■ EXERCISE OBJECTIVE: Starting at the line holding "The Legend of" and finishing at the line holding "Vintage Pleather Vinyl", transcribe the material exactly, keeping both ends but no pictures.

==========

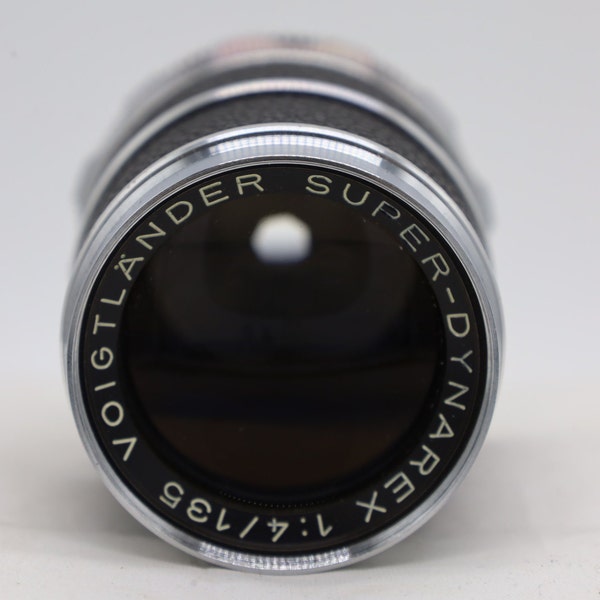 Voigtlander 135mm F/4 Super-Dynarex Bessamatic lens DKL mount 1960s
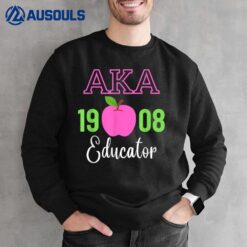 Pink Green AKA educator black history month teacher squad Sweatshirt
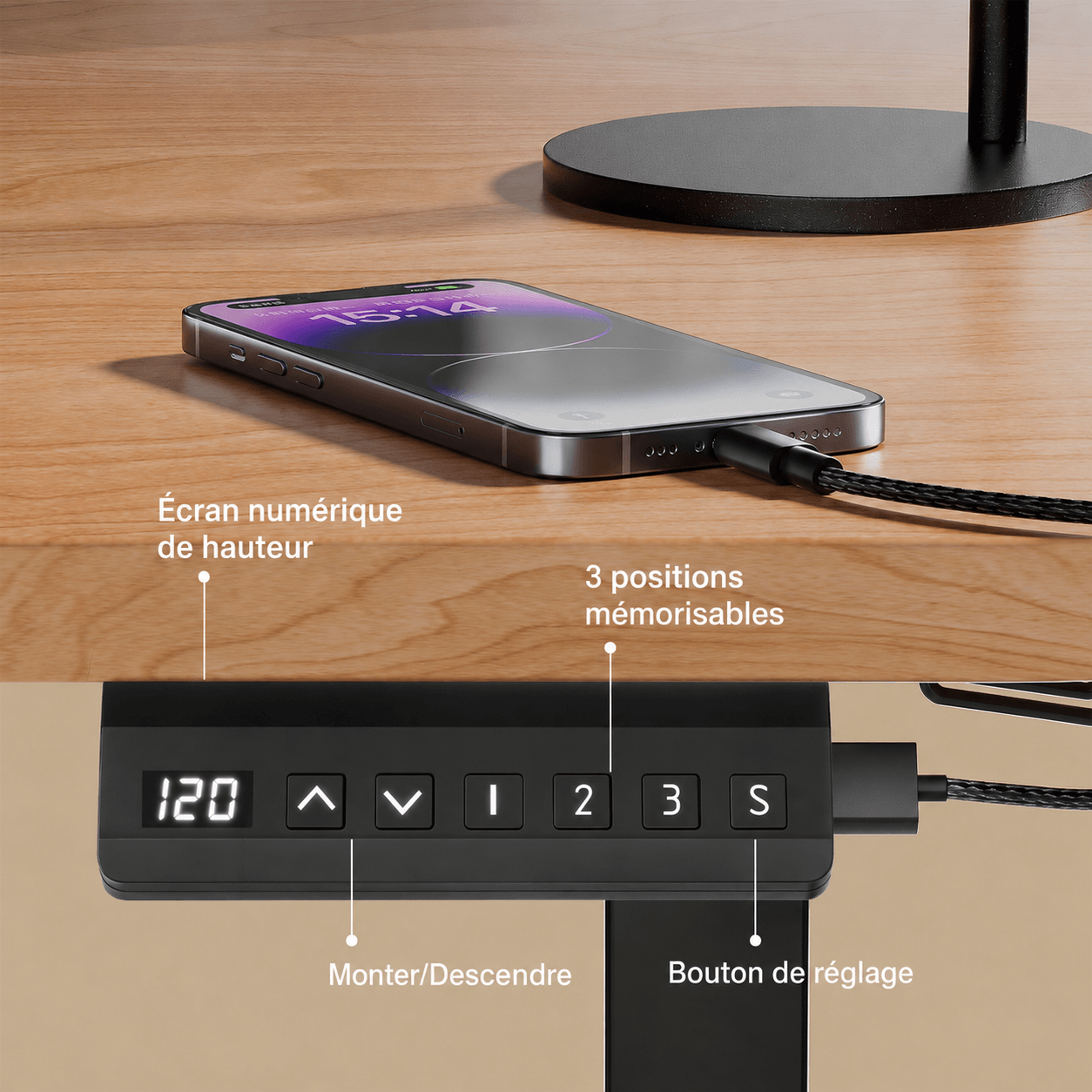 V2 Ultra Pro Bureau assis-debout électrique à double moteur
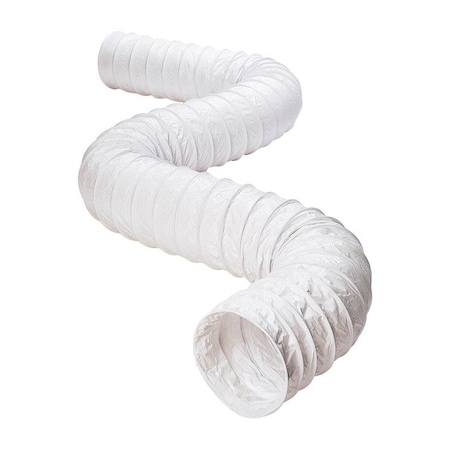 Deflecto 50 ft. L X 3 in. D White Vinyl Vent Hose, 50PK BH350W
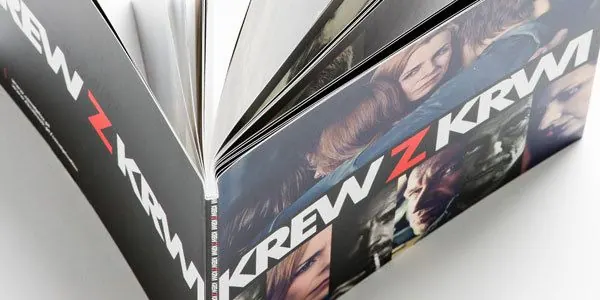 Crew X Crew Branding Mockup, maximalist, photographic, dark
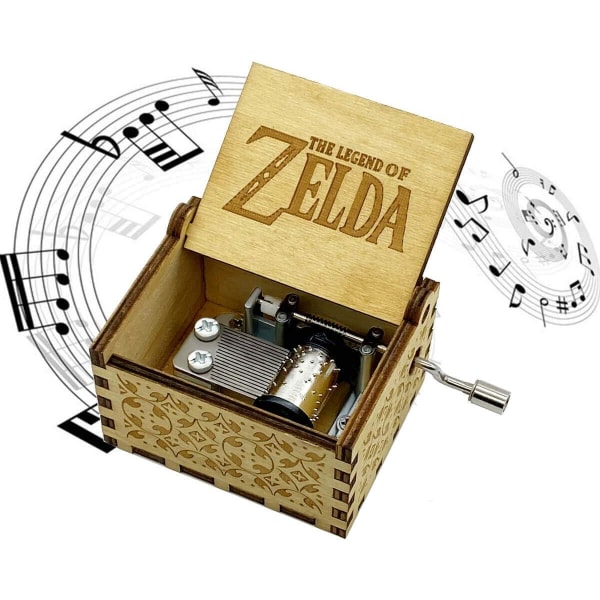 The Legend of Zelda Musikdosa Trä Handvev, Trä Antiqu, ZQKLA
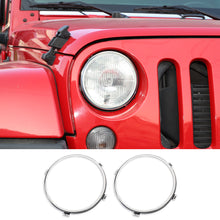 For 2007-2017 Jeep Wrangler JK 7'' Headlight Mounting Bracket Ring Trim Bezel RT-TCZ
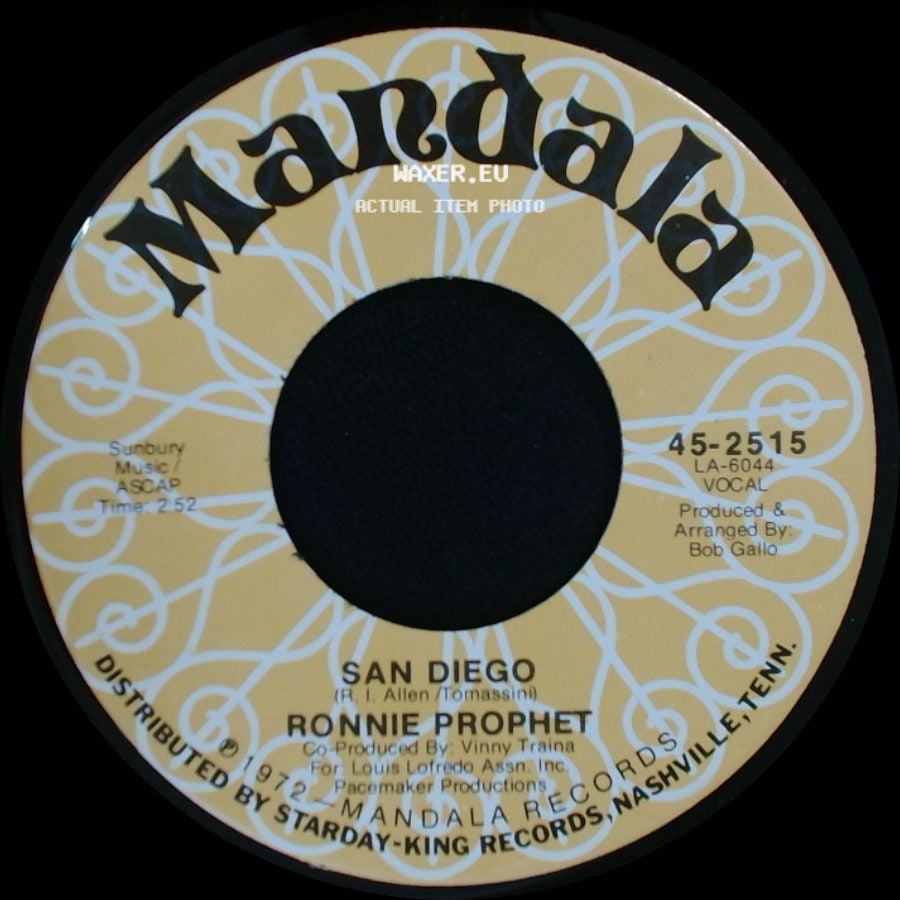 Ronnie Prophet - Fun / San Diego side B
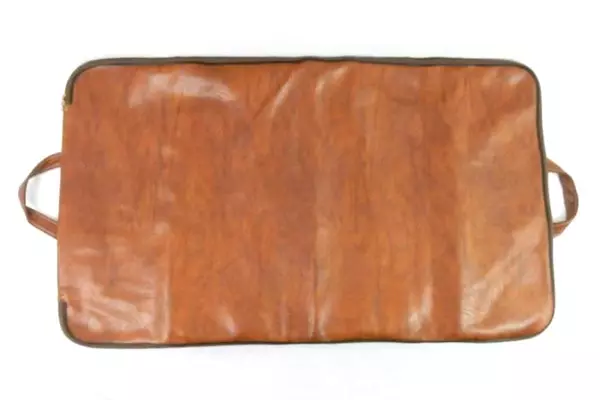 Vintage Pleather Vinyl Garment Bag Wardrobe Brown John Lucas Chevrolet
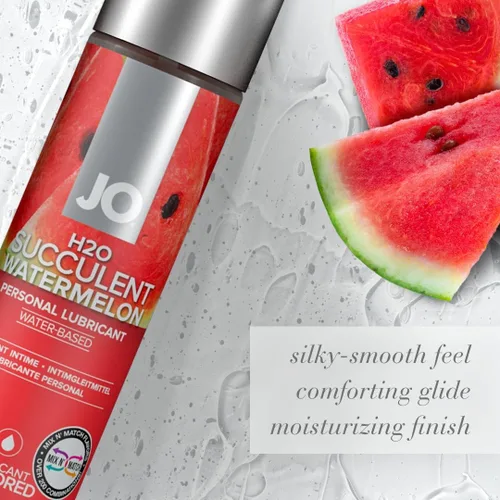 Miniatura 6 de JO H₂O - Lubricante con sabor a sandía, lubricante personal comestible a base de agua, sin azúcar, sandía suculenta - 4 onzas líquidas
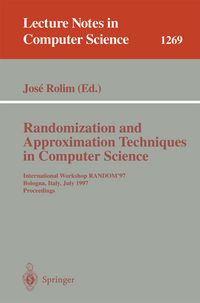 Produktbild: Randomization and Approximation Techniques in Computer Science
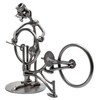 STEEMO Screw Man Bicycle Repair Bicycle Mechanic Gift Metal Art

==========

■ ANSWER TO THIS PROBLEM:
 The Legend of Zelda Musikdosa Trä Handvev, Trä Antiqu, ZQKLA
 For 2007-2017 Jeep Wrangler JK 7'' Headlight Mounting Bracket Ring Trim Bezel RT-TCZ
 Ronnie Prophet - Fun / San Diego side B
 Vintage Pleather Vinyl Garment Bag Wardrobe Brown John Lucas Chevrolet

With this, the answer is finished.